With volumes of information at their disposal, savvy stock pickers increasingly are looking for quick ways to assess a company's value before studying that inches-thick annual report.
The analytical gurus at the Chicago-based investment research company, Morningstar, recommend two ways to measure a stock's value: free cash flow and return on equity.
Attention mathphobes and investment novices: Don't stop reading now. You too can benefit from the measures just as much as can professional money managers who long have used these figures, says Morningstar stock editor Haywood Kelly.
The numbers are regularly included in financial magazine articles but also come free on investment research services including Morningstar's Web site (www.morningstar.com).
Flow me the money
Free cash flow shows how much money from sales a company keeps after paying bills and buying the computers, paper clips, and other items it needs to operate. If the number is positive, the company generates more money than it needs to keep running and can use the extra dough to pay dividends, buy other companies, and reduce debt. If it's negative, however, a company will not generate enough cash to invest in itself or repay investors.

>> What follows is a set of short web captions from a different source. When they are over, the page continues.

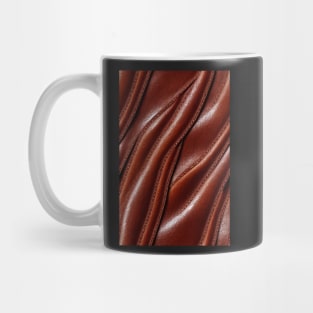 Brown Imitation leather, natural and ecological leather print #5 Mug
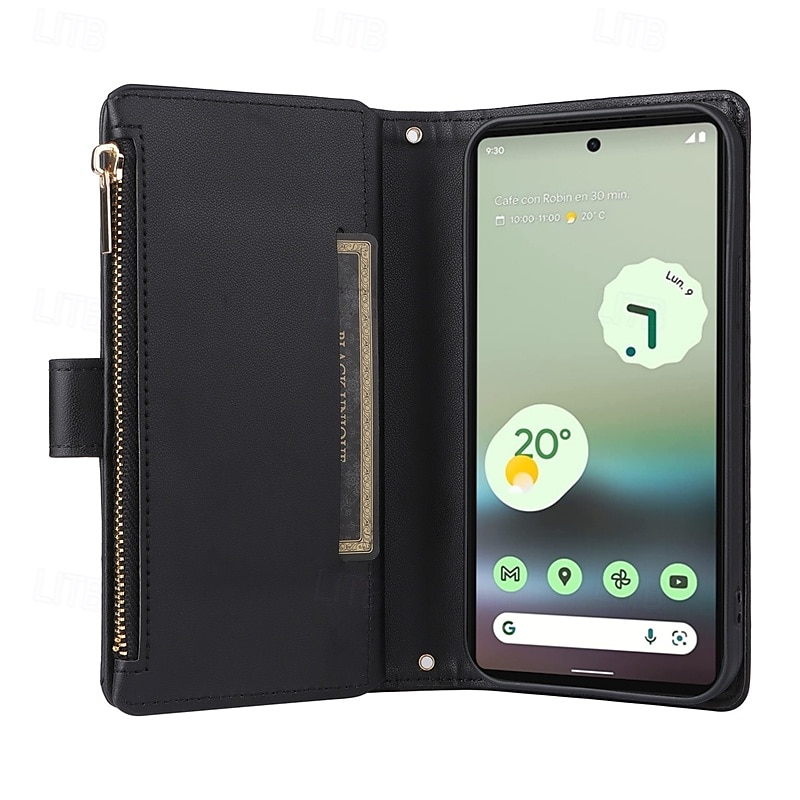 telefon Maska Pentru Pixel 9 Pro Pixel 9 Pro XL Pixel 8 Pro Pixel 8 Pixel 9 Pixel 7 Pixel 7 Pro Capac Spate rezista Fermoar Acceptă încărcarea fără fir Retro TPU PU piele 2025 - $22.99 –P7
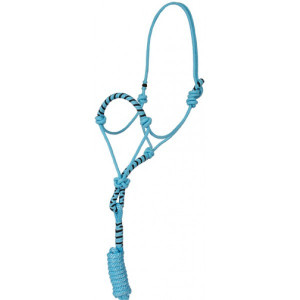 Turquoise Rope Halter and Lead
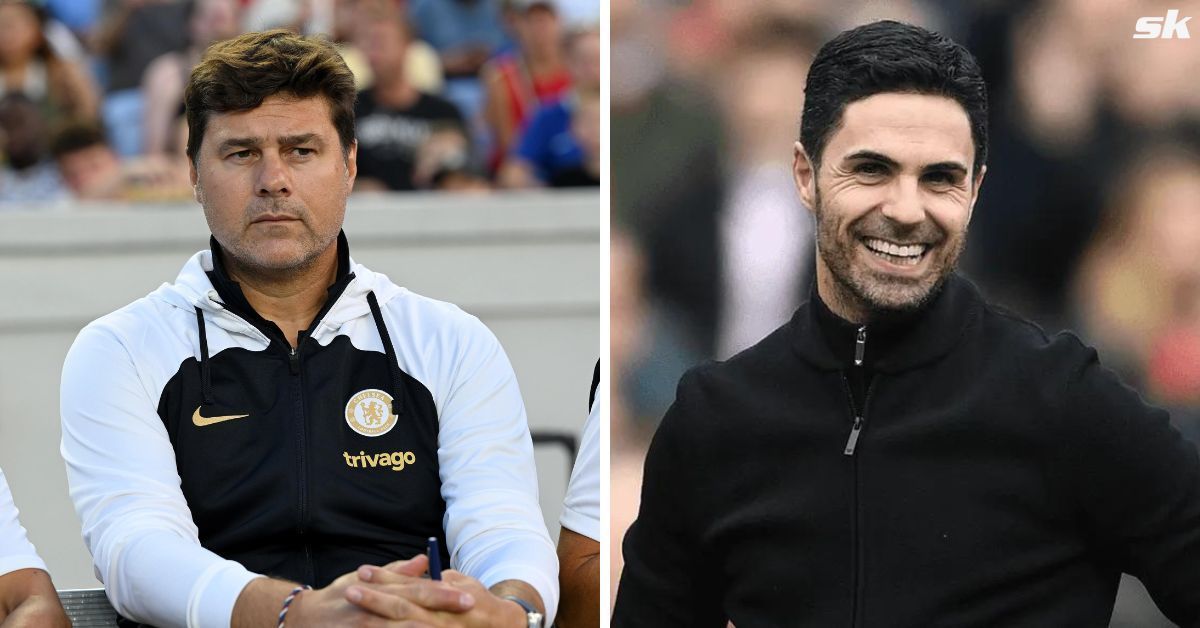 Mikel Arteta and Mauricio Pochettino (via Getty Images)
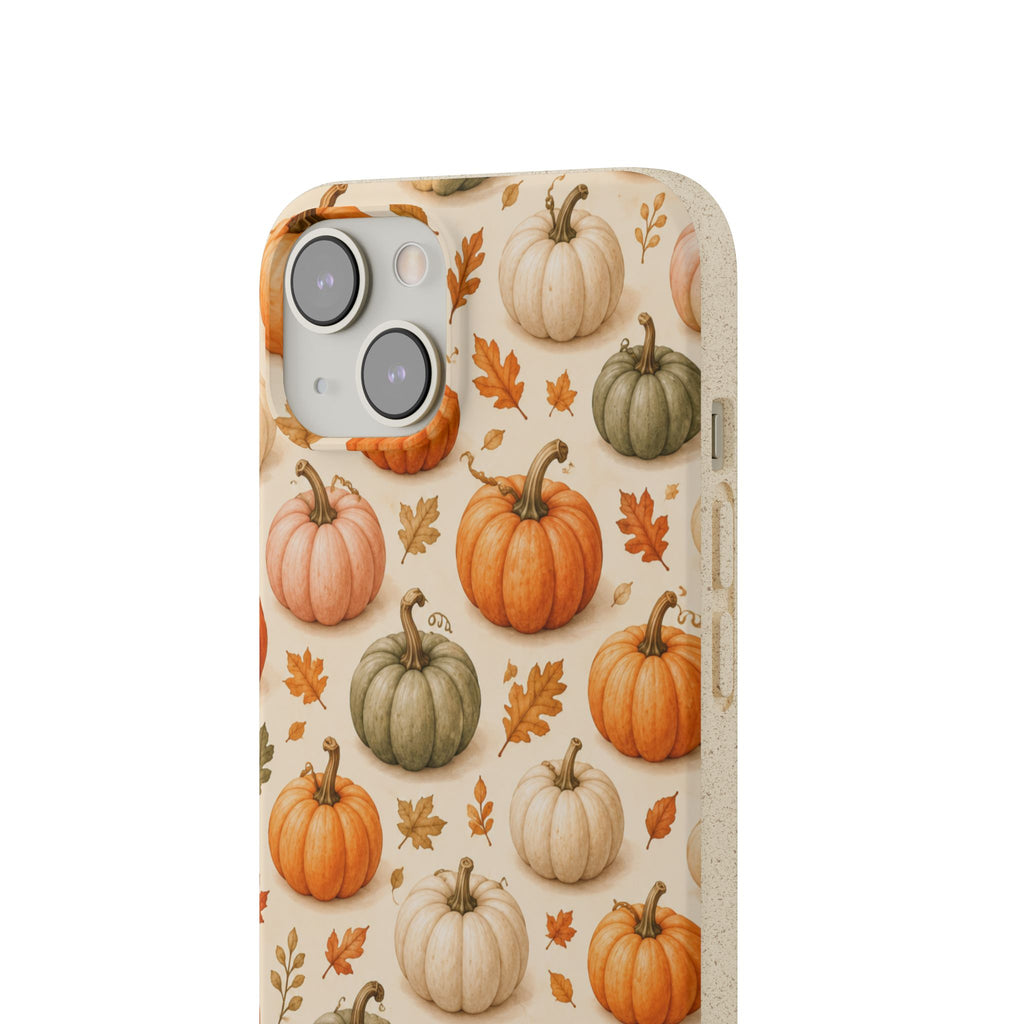Cabana Pumpkin Patch -Eco-Friendly Biodegradable Phone Case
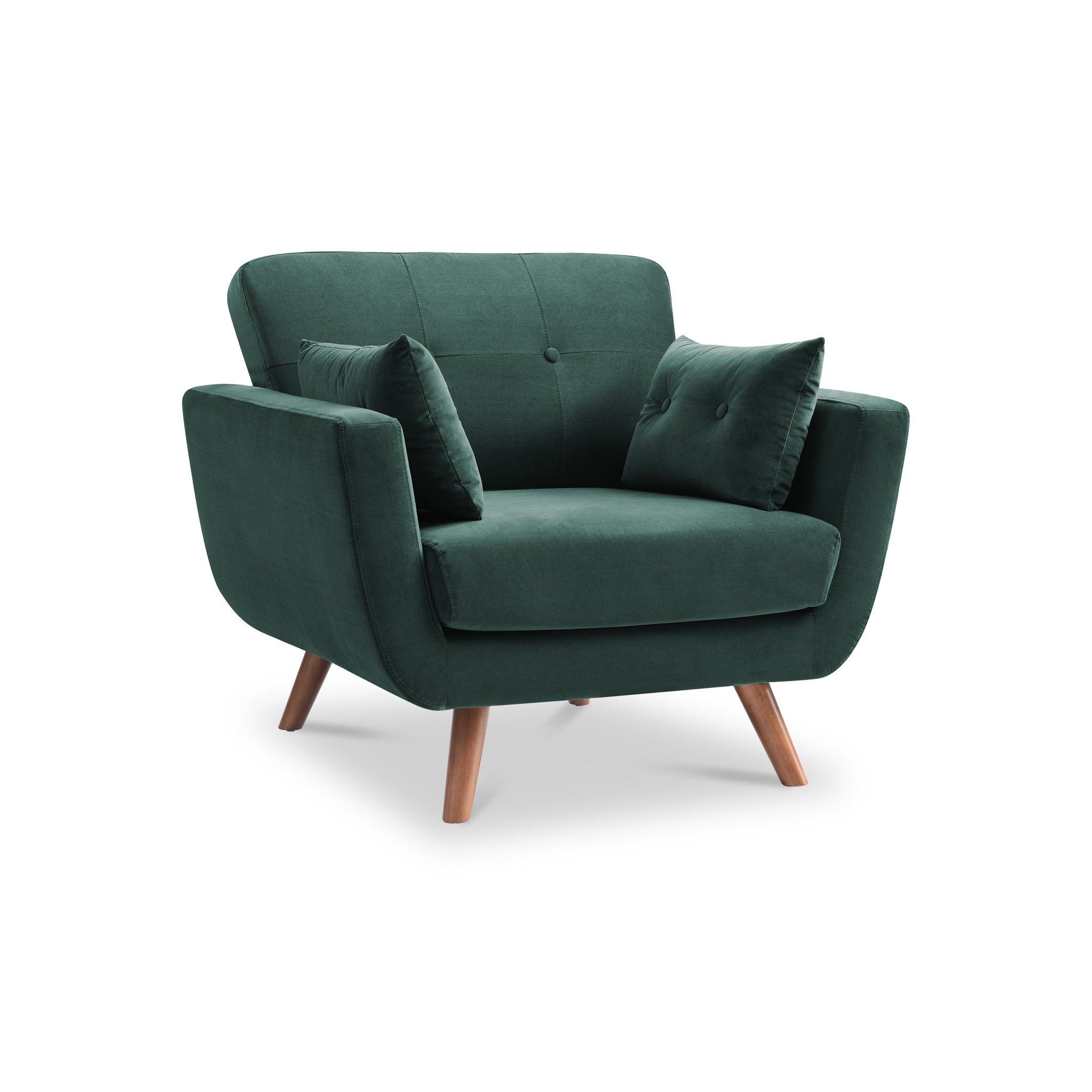 Emerald green on sale velvet armchair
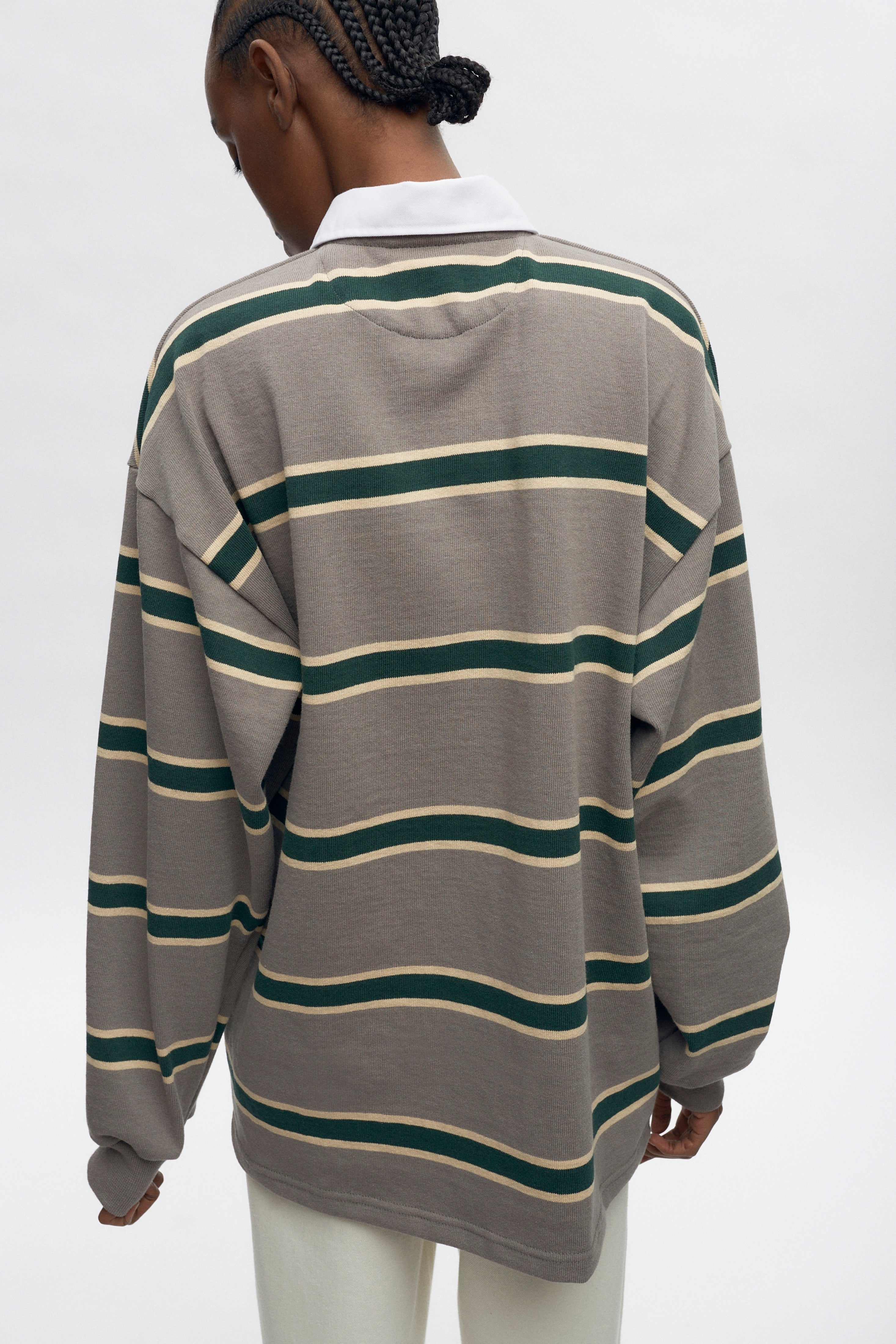 Men's Barbarian Rugby in Bottle/Beige/Graphite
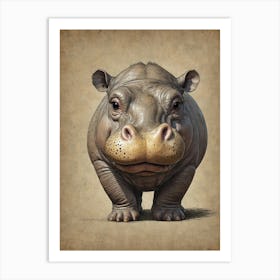 Hippo 14 Art Print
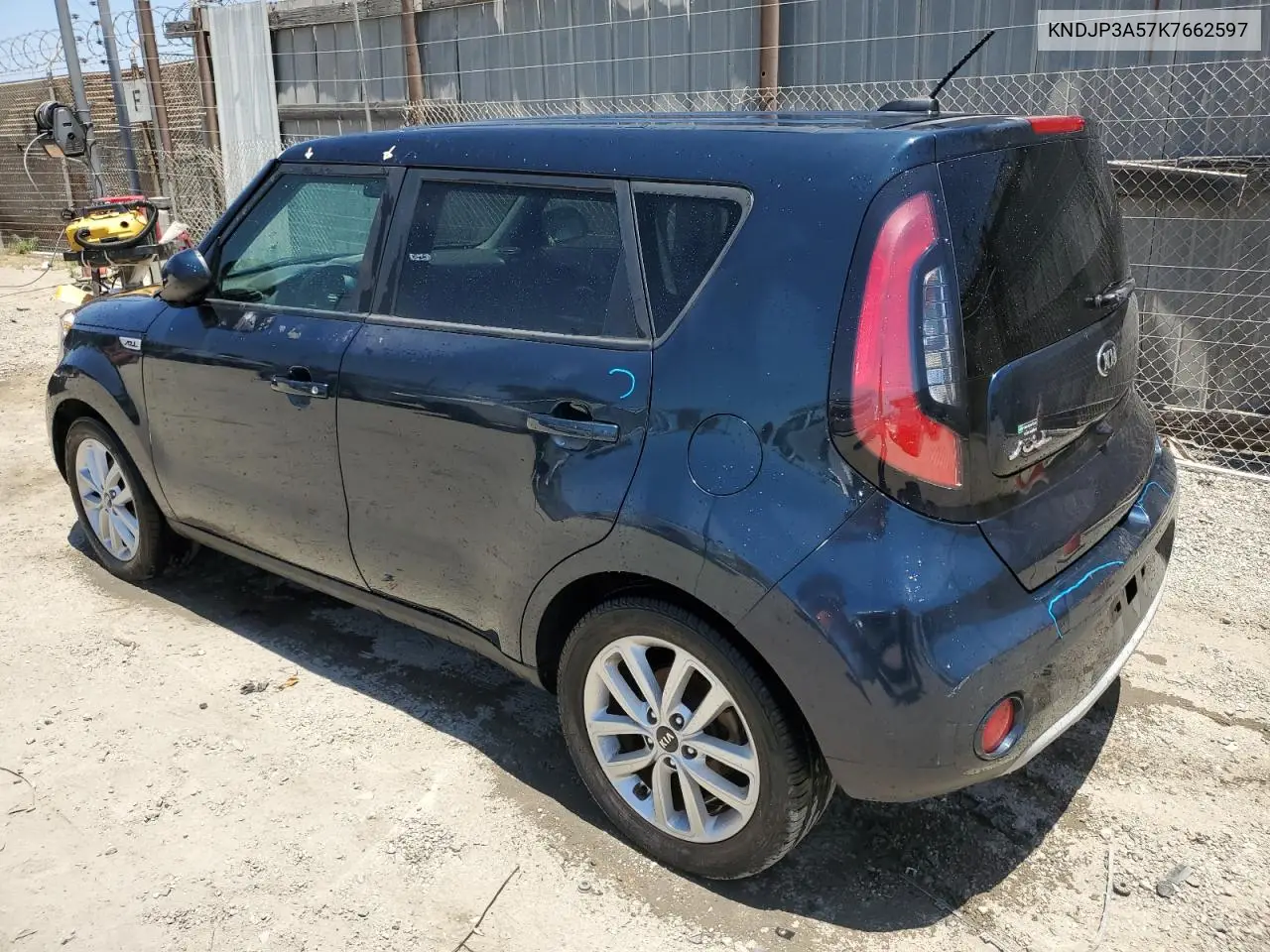 2019 Kia Soul + VIN: KNDJP3A57K7662597 Lot: 63118125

Free cash flow may seem tricky at first, but it offers a better picture of a company's health than just earnings or P/E ratios, says investment adviser Kurt Brouwer, president and co-founder of Brouwer & Janachowski in Tiburon, Calif.
Mr. Brouwer says profits could be altered if management divests a division, takes a big write-off, or shifts earnings from one global unit to another.
"More and more people are looking at cash flow because more and more companies play games with their earnings," he says. "But cash flow is harder to manipulate."
Companies strive for positive free cash flow but may forsake it in the short term if they are ramping up - building more stores or factories, stocking shelves, or buying other companies, says Mr. Kelly. He adds that Starbucks and Home Depot are examples of companies with negative cash flow but good prospects for moving out of the red because of their aggressive building and spending.
Once investors are comfortable with a prospect's cash flow, they should look at return on equity. ROE shows how wisely a company invests the money it has raised from shareholders. To calculate ROE, divide a firm's net income by shareholders equity. Then multiply that number by 100 to put the figure in percentage terms. The higher the ROE the better, but a good rule of thumb is about 15 percent.
This double-digit figure, however, holds only as long as the economy and company earnings remain strong. In a recession, ROEs may fall to single digits yet still be considered healthy.
"If a company is spending aggressively [and has negative or low free cash flow], it is key to see if it is spending that money well," Kelly says. "Earning a high return on spending and return on equity helps you gauge that."
Happy returns on equity
Home Depot, which has negative free cash flow and has been spending aggressively to expand its do-it-yourself empire, has a ROE of 21 percent. That's more than triple the 6 percent offered by a 30 year Treasury bond.
Just because a company has a low ROE does not mean it should be avoided, especially if it's not risky or is attached to a stock that's fairly cheap, Kelly says.
Riskier endeavors may carry negative free cash flow but should have a high ROE to compensate investors for the uncertain nature of their investment.
Determining what constitutes a good ROE and what makes a bad one can be risky because that 15 percent rule does not work for all industries, Brouwer adds.
A high-flying company with rapid growth should exceed 15 percent, but that figure would be more than respectable for a bank, he says. "It's hard for an ordinary investor to really comprehend those [ROEs]," he says.
One example of a company priced relatively cheaply but with a high ROE is SAP, the German software company whose stock has fallen largely because of Y2K concerns.
On the other hand, Kelly says, a company that is not particularly cheap, is fairly risky, and has negative free cash flow is the Japanese electronics company Hitachi, which has seen its ROE hover near zero year after year. "That's a company that's spending tons of money and isn't getting a good return. Over a period of time, that really destroys a shareholder's wealth," Kelly says.
He, Brouwer, and other portfolio managers call for companies with poor records of investing to return that money to shareholders in dividends and interest so they can invest the funds themselves, likely at a higher return.